A lot has happened in America since April 25, 2001—the 9/11 attacks, two major wars, the Great Recession, the first black president, the iPhone, a Cubs World Series title, and Donald Trump. That was the day the Dream Act, to protect young immigrants brought here illegally as children, was first introduced in Congress. Seventeen years later, they are still waiting for protection.
The fate of those immigrants, known as Dreamers, is stark evidence of the mind-numbing irrationality and dysfunction of our system of government. They did nothing wrong; they have contributed to American society; and they can be accommodated without harmful side effects.
The great majority of Americans reject this treatment. A January ABC News/Washington Post poll found that when asked if they supported a "program that allows undocumented immigrants to stay in the United States if they arrived here as a child, completed high school or military service and have not been convicted of a serious crime," a staggering 87 percent of Americans said yes.
Yet year after year, the simple, sensible, humane solution has remained on the shelf. President George W. Bush failed to get a comprehensive immigration reform bill with this included. President Barack Obama was also unsuccessful.

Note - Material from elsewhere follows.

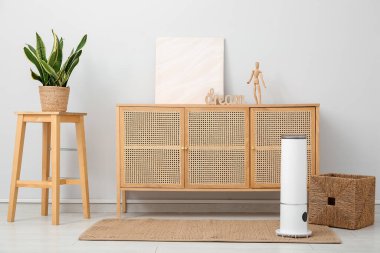 Oturma odasındaki çekmecelerin yanındaki halının üzerinde hava nemlendirici var.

In 2012, Obama finally elected to shield many of these young people with an executive order called Deferred Action for Childhood Arrivals (DACA). Some 800,000 immigrants who qualified got permits to stay here and work. But the program was of uncertain legality, and Donald Trump decided last year to end it.
DACA is now in the hands of the federal courts, some of which have blocked its termination. It is also in the hands of Congress, which could approve the Dream Act in some form. But despite broad public sentiment for letting the Dreamers stay, nothing has been enacted and nothing is likely to be.

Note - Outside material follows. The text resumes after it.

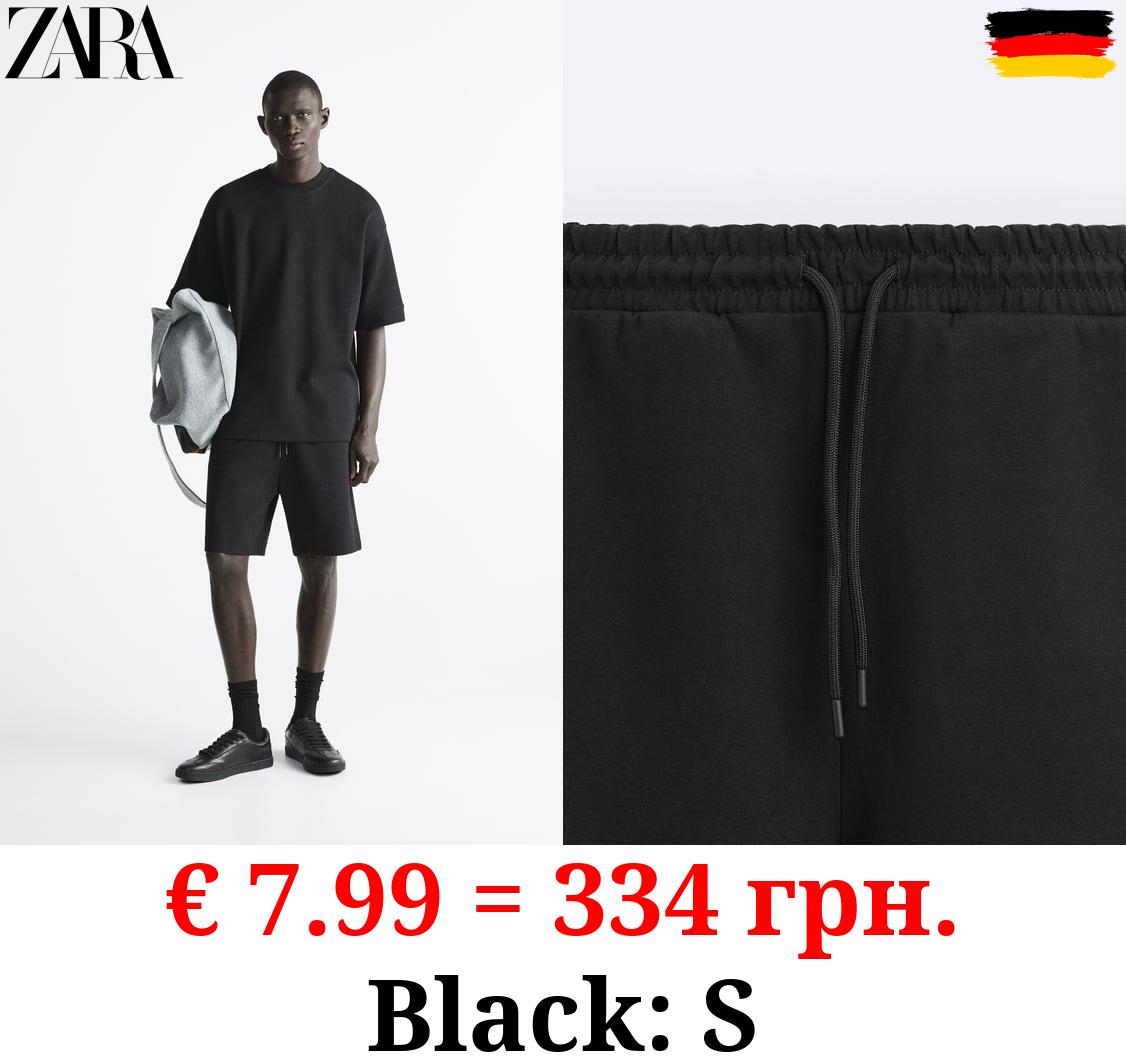 COMPACT JOGGER BERMUDA SHORTS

Granting them a path to citizenship is more than anti-immigration Republicans can tolerate. In closing down the program, Attorney General Jeff Sessions said DACA has "denied jobs to hundreds of thousands of Americans by allowing those same illegal aliens to take those jobs."
This is a hard argument to make at a time when the unemployment rate is 3.9 percent, the lowest since 2000. As economists universally agree, immigrants (documented or not) not only fill jobs but create them. Since Obama announced the program, the economy has added more than 12 million jobs.
Trump, whose understanding of the policy is close to nil, recently claimed that "caravans" of Central Americans marching through Mexico to cross the border were "trying to take advantage of DACA." But DACA applied only to youngsters who arrived by June 2007. Even the Dream Act would cover only people who came at least four years before its enactment.
Critics regard any accommodation as "amnesty," the term used for the legal status offered to some 3 million unauthorized foreigners in legislation signed by Ronald Reagan in 1986. Granting refuge to the dreamers, we are told, would stimulate unauthorized immigration by rewarding those who violated the law.
This is wrong for two main reasons. The first is that the foreigners it helps didn't choose to break the law: They were brought by their parents. Many have no memory of or acquaintance with their native lands. Most come from Mexico or Central America, but some don't speak Spanish. Some grew up thinking they were citizens.
To banish them to unfamiliar foreign countries would punish them for the transgressions of their parents. Those known to be dangerous—like the MS-13 "animals" Trump denounces—would not be eligible.
The second fallacy is the notion that the Dream Act would be a magnet pulling in hordes of undocumented migrants. The potential beneficiaries have waited 17 years for a law offering them protection. If it were passed, the typical recipient would have to wait another 13 years to apply for citizenship.
Even if such legislation were enacted into law, there can't be many foreigners who would bet their lives that another version will be adopted decades from now. Not to mention that the foreigners pondering that wager would know that in the best scenario, they would never gain legal status; only their children would. Some incentive.
As it happens, though, there is hardly any chance Congress and the president will act to protect these innocents from the threat of bitter exile. Unable to muster wisdom and resolve, our policymakers will default to cruelty.